Foto: Valter Campanato/Agência Brasil
O ministro da Fazenda, Fernando Haddad, afirmou nesta sexta-feira (27.jun.2025) que não vê “espaço” para novas elevações na taxa básica de juros, a Selic, atualmente em 15% ao ano — o maior patamar desde 2017. Em entrevista à GloboNews, Haddad indicou que a inflação em desaceleração e o nível já elevado dos juros justificam a manutenção da política monetária, sem aumentos adicionais.
“A inflação está caindo e o patamar da Selic vai ficar dessa altura quanto tempo?”, questionou o ministro, que ponderou, contudo, que a taxa permanecerá elevada para evitar pressões inflacionárias no curto prazo. O indicador está acima do teto da meta fixada pelo governo, que é 4,5%, com o índice oficial acumulando alta de 5,32% em 12 meses até maio.
O Banco Central, responsável pela definição da Selic, já sinalizou que deve manter os juros nesse patamar na próxima reunião de julho, priorizando o combate à inflação por meio do controle da demanda — medida que encarece o crédito e desestimula gastos, como o parcelamento de veículos e bens duráveis.
Haddad também abordou o histórico recente da política monetária e a atuação de seu ex-colega no Banco Central, Roberto Campos Neto, a quem atribuiu a decisão de elevar os juros em sequência desde o início do ano. Apesar das críticas públicas feitas anteriormente, o ministro minimizou os atritos, afirmando que as divergências foram pontuais.
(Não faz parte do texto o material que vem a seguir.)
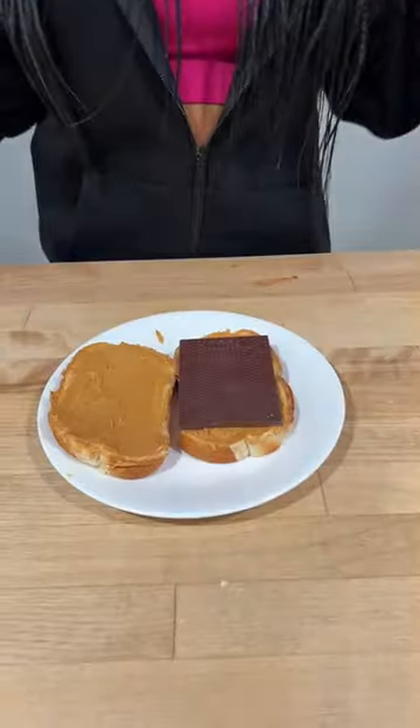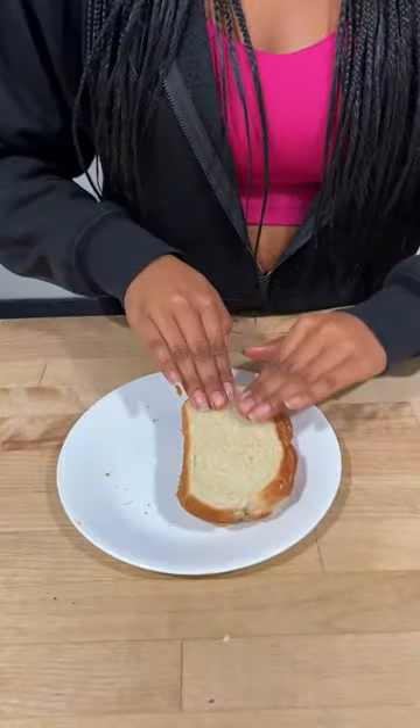Now, put your Mr. Beast bar right in the center. I'm about to devour this! Fold it and press the sides in. Now, put it in the microwave for two minutes.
“Foram poucos momentos em que pontuei questões com o Campos Neto. Quando assumimos, os juros estavam em 13% e alguma coisa. Aí quando a inflação bateu 3%, eu falei: ‘Roberto, não dá, porra’”, relatou Haddad, demonstrando uma postura descontraída, mas deixando claro o desgaste com as medidas tomadas no início do mandato.
Analistas veem, no entanto, que a manutenção dos juros em níveis tão elevados prolonga o custo para o crescimento econômico e o endividamento de famílias e empresas, enquanto o governo ainda enfrenta dificuldades para controlar a inflação estrutural.